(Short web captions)
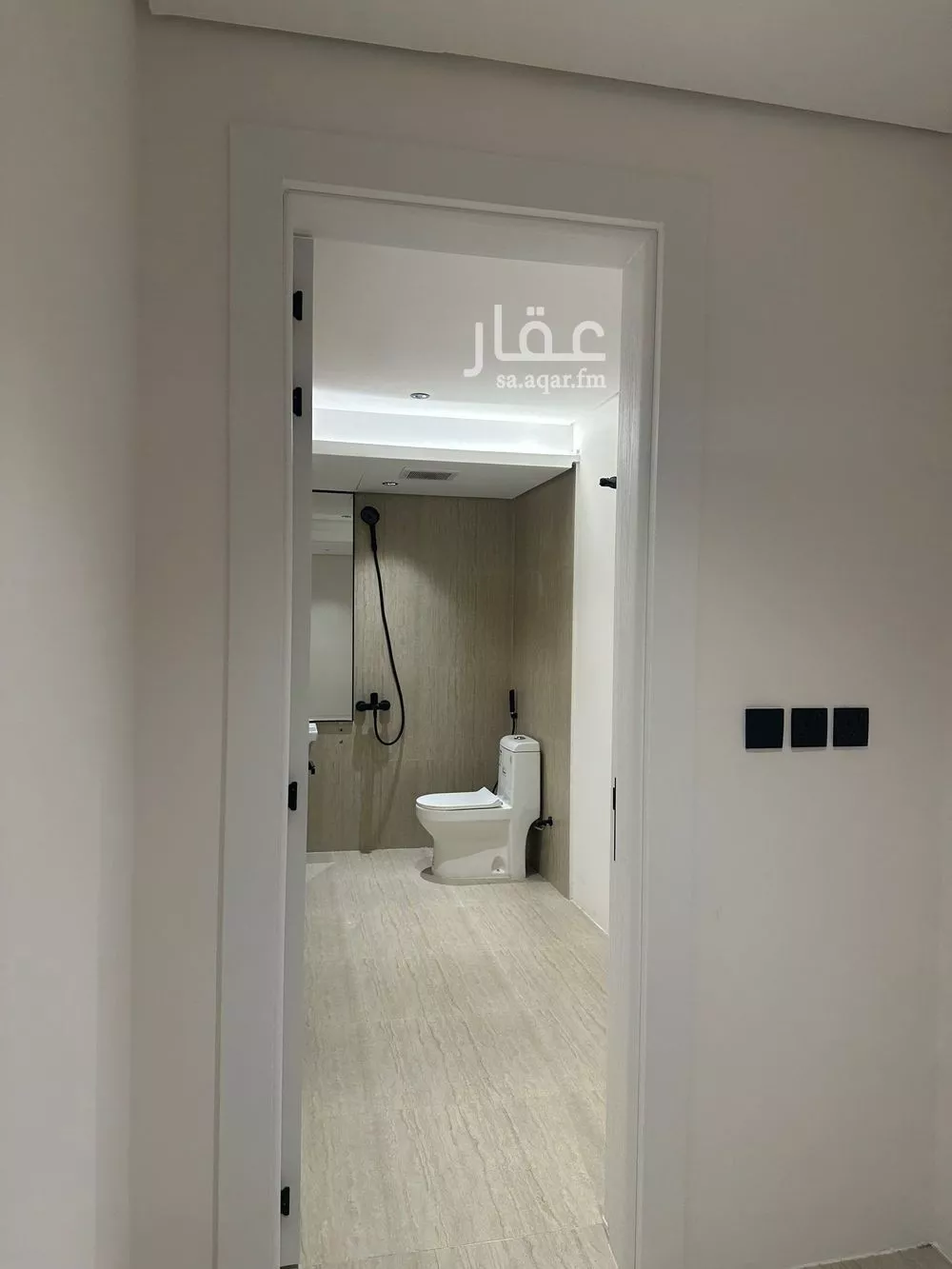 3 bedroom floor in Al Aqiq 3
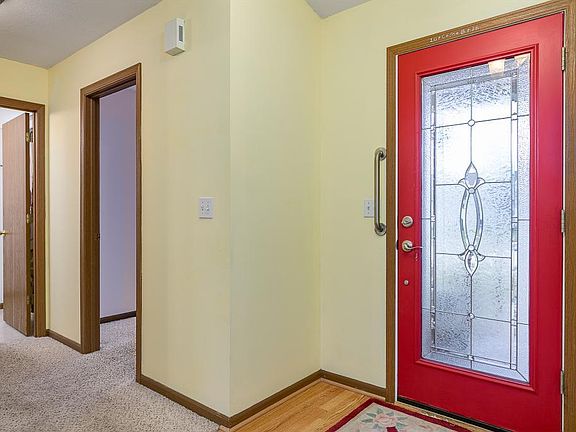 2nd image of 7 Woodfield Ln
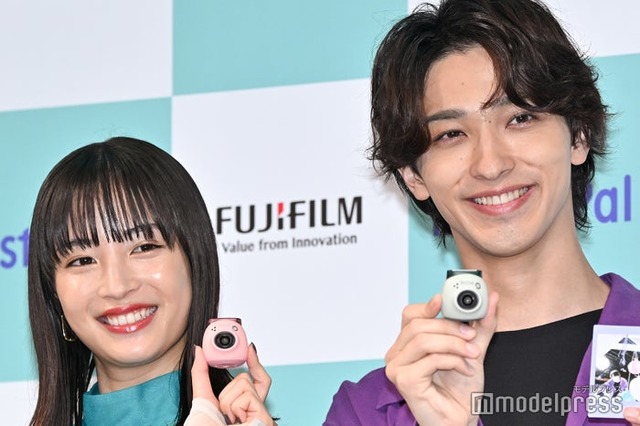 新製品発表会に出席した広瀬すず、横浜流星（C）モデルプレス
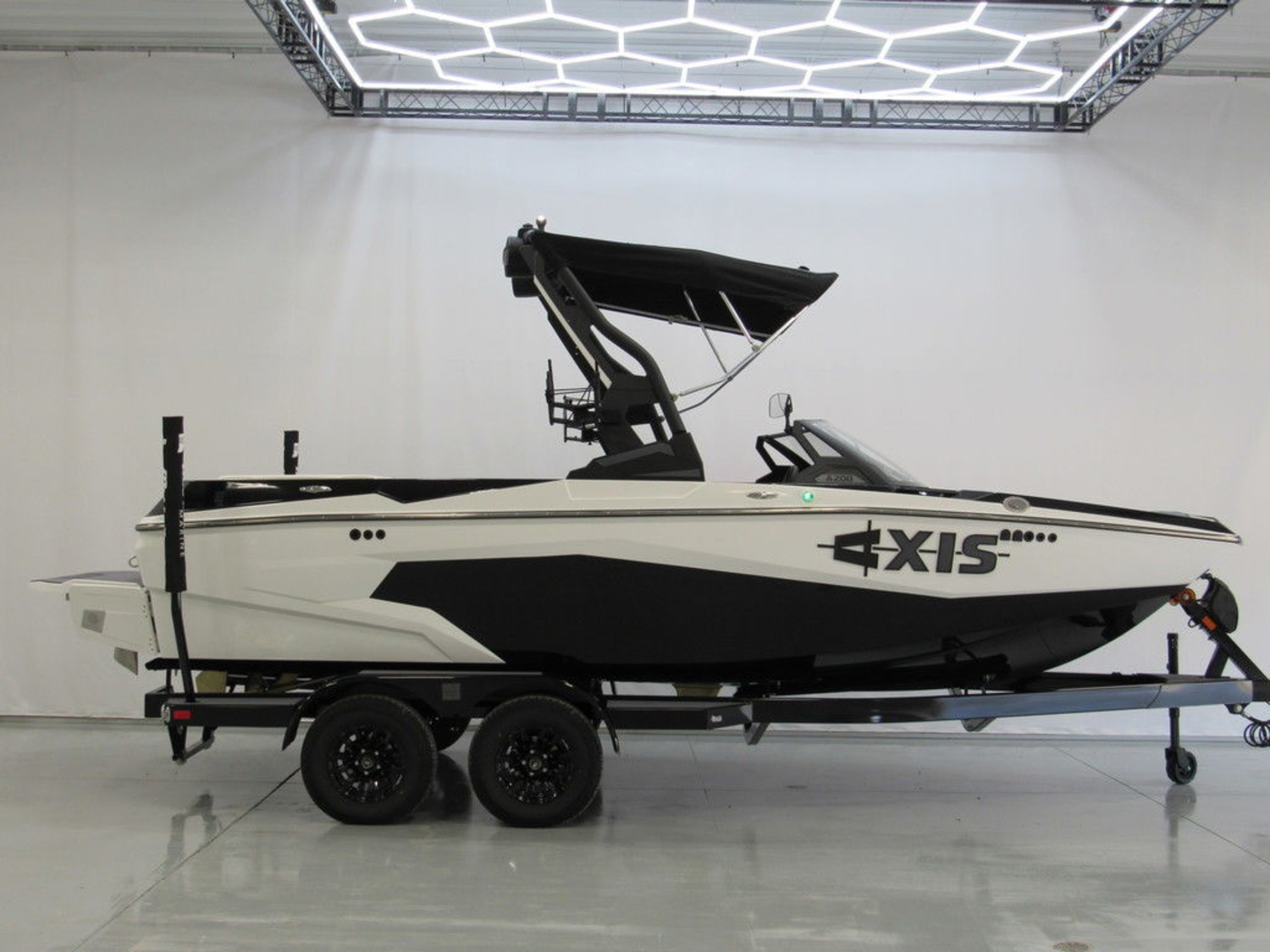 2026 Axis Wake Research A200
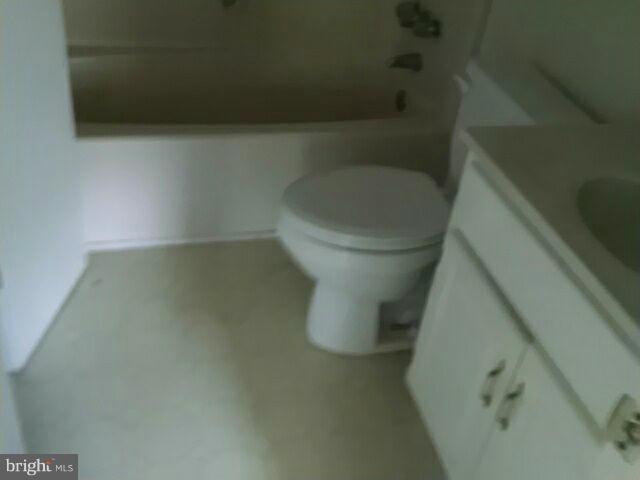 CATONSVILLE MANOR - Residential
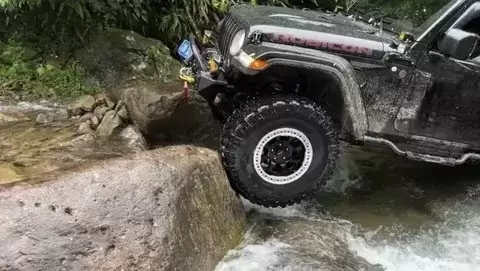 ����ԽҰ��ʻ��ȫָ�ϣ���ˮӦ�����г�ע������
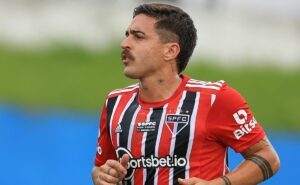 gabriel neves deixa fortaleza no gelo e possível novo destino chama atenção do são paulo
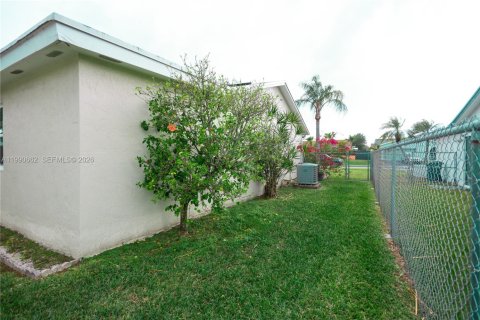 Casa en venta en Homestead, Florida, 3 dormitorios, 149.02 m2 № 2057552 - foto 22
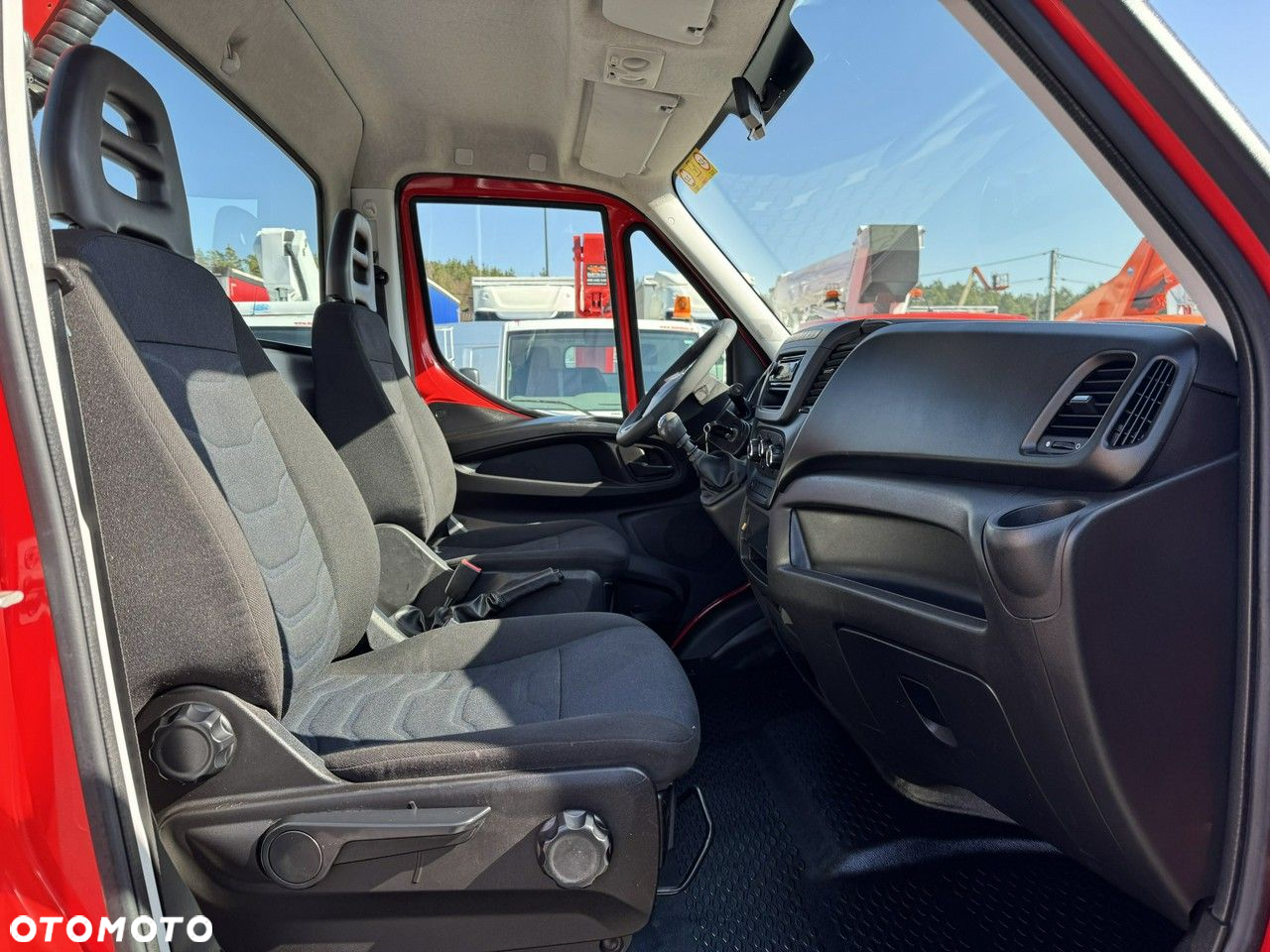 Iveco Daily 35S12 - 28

• **Requirement**
Nothing but the lines from the one that holds "2nd image of 7 Woodfield Ln" through the end of the data should appear, written out exactly, without pictures.

• **Solution to the problem**
 2nd image of 7 Woodfield Ln
 新製品発表会に出席した広瀬すず、横浜流星（C）モデルプレス
 2026 Axis Wake Research A200
 CATONSVILLE MANOR - Residential
 ����ԽҰ��ʻ��ȫָ�ϣ���ˮӦ�����г�ע������
 gabriel neves deixa fortaleza no gelo e possível novo destino chama atenção do são paulo
 Casa en venta en Homestead, Florida, 3 dormitorios, 149.02 m2 № 2057552 - foto 22
 Iveco Daily 35S12 - 28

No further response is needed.